Très jeune, j’avais essuyé quelques réflexions blessantes d’observateurs perspicaces alors que je n’avais pas même réalisé quel était l’objet de mon attirance manifeste tant elle était « innocente », je veux dire : pas encore écrasée par la conscience de son infamie. Au fur et à mesure des circonstances, alors que m’apparaissait lisiblement l’origine du trouble de mes sens, tout en m’efforçant à l’impossible pour la dissimuler, deux questions revenaient en boucle : « suis-je normal ? » et « suis-je le seul ? » Or, avec une éducation affective et sexuelle quasi-désertique, l’absence absolue de références en matière d’homosexualité, sinon celles d’individus moqués, méprisés, dépréciés, uniquement désignés par un vocable d’insultes, me faisait rejeter dans le déni tout une part de moi-même, juste à l’âge où il m’aurait fallu cultiver mes premiers émois sous des regards bienveillants.
Sans la rencontre avec François qui avait entendu ma question muette, qui sait dans quel égout j’aurais dû aller faire mes premiers pas incertains quand, avec lui, j’avais pu m’abandonner à mes découvertes en toute quiétude.
J’allais pourtant croiser ce qui parut, à mes yeux, être une des figures du diable, quelques mois plus tard.
Tout juste majeur, fort de ma carte d’électeur toute récente, j’étais allé assister à quelques réunions politiques à l’issue desquelles, le plus souvent, un verre permettait d’échanger avec les intervenants. Je me tenais un peu en retrait, curieux, attentif à ce qui se disait lorsqu’un homme, que je ne connaissais pas, s’est approché. Ouvrant ses bras, il créa un vide autour de moi qui me retrouvai ainsi à l’avant-scène. Car c’en était une !
– « tenez, regardez, LE voilà ! » Puis, à mon attention : « quel est ton prénom, déjà ? »
Intimidé, je n’osai me soustraire à cette emprise et balbutiai un timide « Julien » quand je vis approcher un homme, plus petit que moi et rond, vêtu d’un costume trois pièces à fines rayures, de grand prix – ma mère, couturière à ses heures, m’a appris à distinguer les beaux tissus et les coupes de belle façon - cravaté, la crinière et la barbe brunes mêlées de sel et mordant un gros cigare entre ses fortes dents, dont il tirait de petites bouffées de cette fumée grasse qui empeste si fort. Son ventre rebondi, ses manières et son sourire auraient pu le faire passer pour patelin :
- « voilà un Julien qui me semble plein de promesses avec de solides arguments … »
Mais ce regard sombre, brillant, perçant, avec lequel il m’envisagea soudain, m’épingla comme un papillon dans une boite d’entomologiste. Joint à la rapacité de sa main qui s’empara de mon avant-bras, il hérissa toutes mes préventions. Je les dissimulai diplomatiquement sous un sourire flatté tandis qu’il m’invitait à le rejoindre, le jour de mon choix, à la table ouverte qu’il tenait chaque midi dans une fameuse brasserie. Ajoutant, avec un air de fine connivence, un « je t’attends, hein ! » plein de la morgue du loup qui est convaincu que l’agneau ne saurait lui échapper. Je me sentis soudain, plus que déshabillé, presqu’écorché, découpé en morceaux choisis. J’enfermai dans le noir cachot du fond de ma poche la carte de visite que l’on me tendit après qu’il eut tourné les talons, reparti vers d’autres moulins.

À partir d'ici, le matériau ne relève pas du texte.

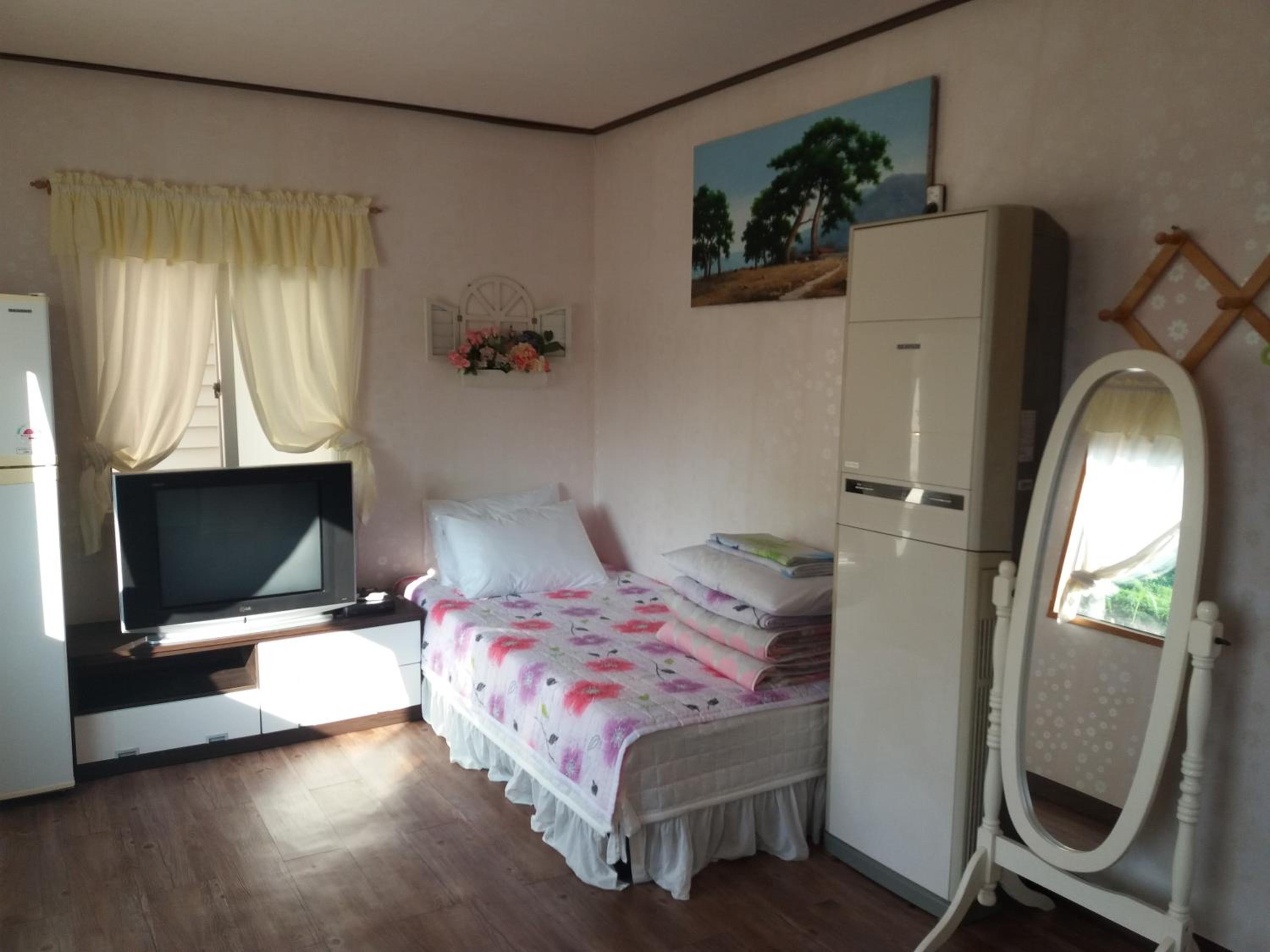 Family Room - Photo 21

Je me jurais alors que je ne serais JAMAIS ce docile bœuf gras que les bouchers font défiler en musique pour le Mardi Gras puis sacrifient pour en exhiber la carcasse à l’étal avant de la découper pour réjouir le palais des notables.
J’avais pris grand soin de bruler le carton.

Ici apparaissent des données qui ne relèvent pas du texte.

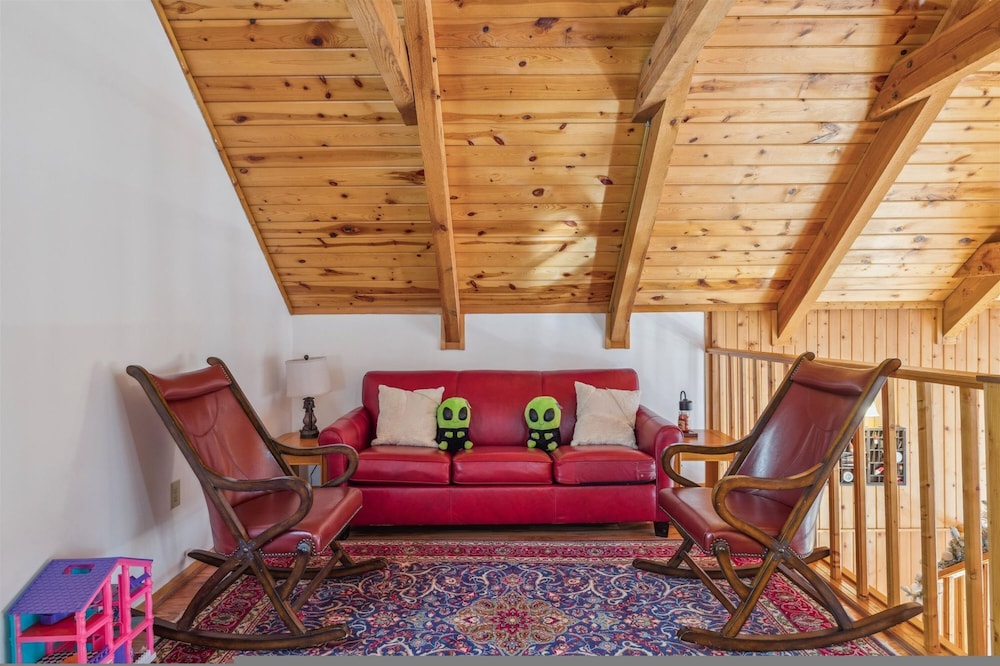 Very Secluded Breathtaking Riverfront Game Room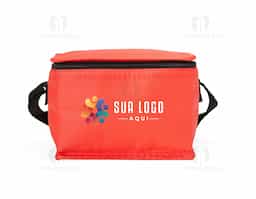 Bolsa térmica confeccionada em TNT impermeável, desenvolvida para oferecer praticidade em usos rápidos e deslocamentos do dia a dia. Possui capacidade máxima de até 5 litros e fechamento em zíper, garantindo melhor vedação e segurança no transporte. O revestimento térmico interno em alumínio contribui para a manutenção da temperatura de alimentos e bebidas por mais tempo. Conta com alça fixa em nylon, que proporciona conforto e facilidade ao carregar. Um brinde corporativo funcional, leve e de uso recorrente, ideal para ações que valorizam utilidade real.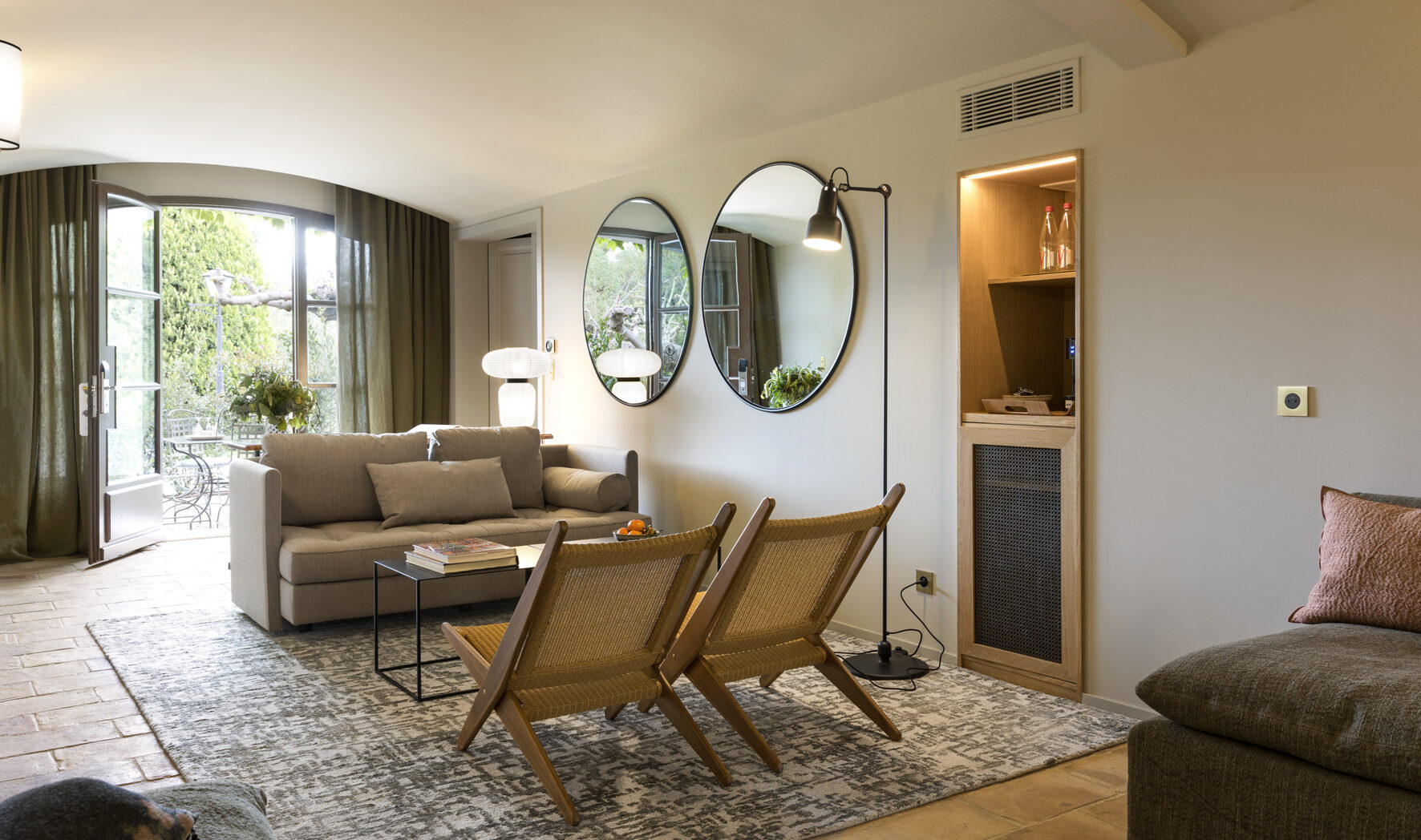 French Flair Provence and the French Riviera Baumaniere living room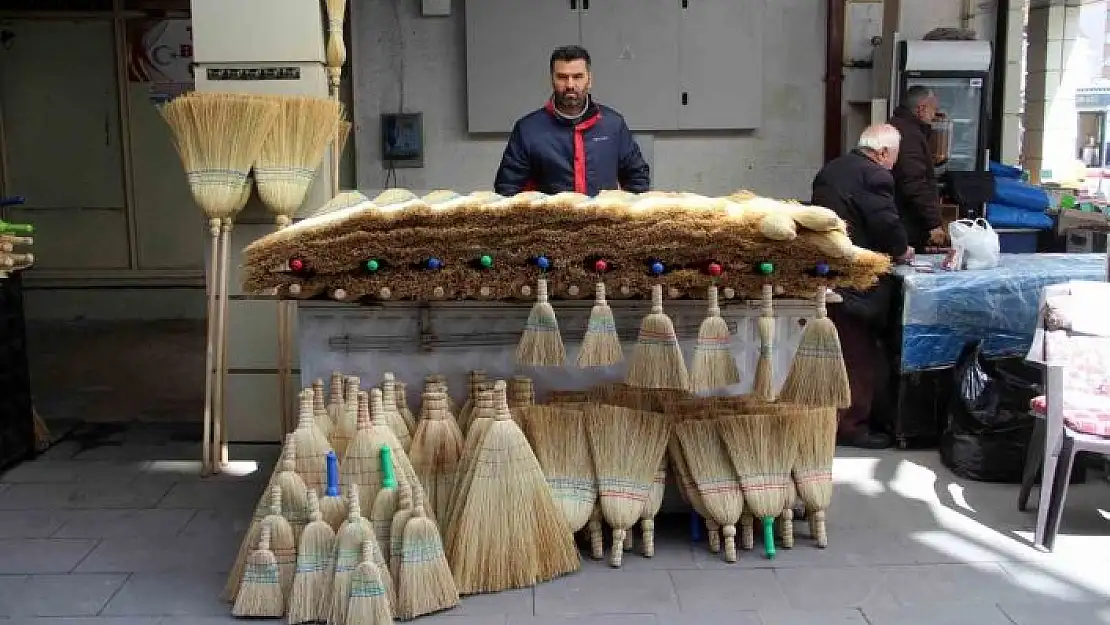 'Son teknoloji robot süpürgelerin asırlık rakibi direniyor'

Mais là, j’ai besoin d’aller en ville, de voir « du monde », enfin, d’autres mecs « de MON monde », avec qui parler, même de choses sans importance, pour respirer, ne plus me cacher de ce que je suis pendant un moment. Pouvoir mater un mec avec gourmandise sans redouter sa réaction, sans risquer l’insulte, l’anathème.
De loin, j’aperçois Marc*, le petit représentant au cul si gourmand en conversation avec un mec que je connais vaguement de vue. Je m’approche et, me voyant, il me fait signe. Je le salue en retour d’un « ça va ? », évitant, par prudence, de l’appeler par son prénom. L’homosexualité est peut-être désormais légale mais le climat demeure foncièrement homophobe et, même si on s’encule dans les fourrés ou au sauna, chacun de nous veille à préserver son anonymat social du mieux qu’il peut, surtout s’il est marié et père de famille. Et celui-là qui, dans la nuit protectrice, hier, jouissait avec et par toi, peut t’ignorer superbement quand il te croise le lendemain. Mais, les yeux au ciel, Marc lève les bras dans un geste un peu théâtral, et ajoute à mon intention :
- « j’ai TOUT envoyé promener … alors, TOUT va bien ! »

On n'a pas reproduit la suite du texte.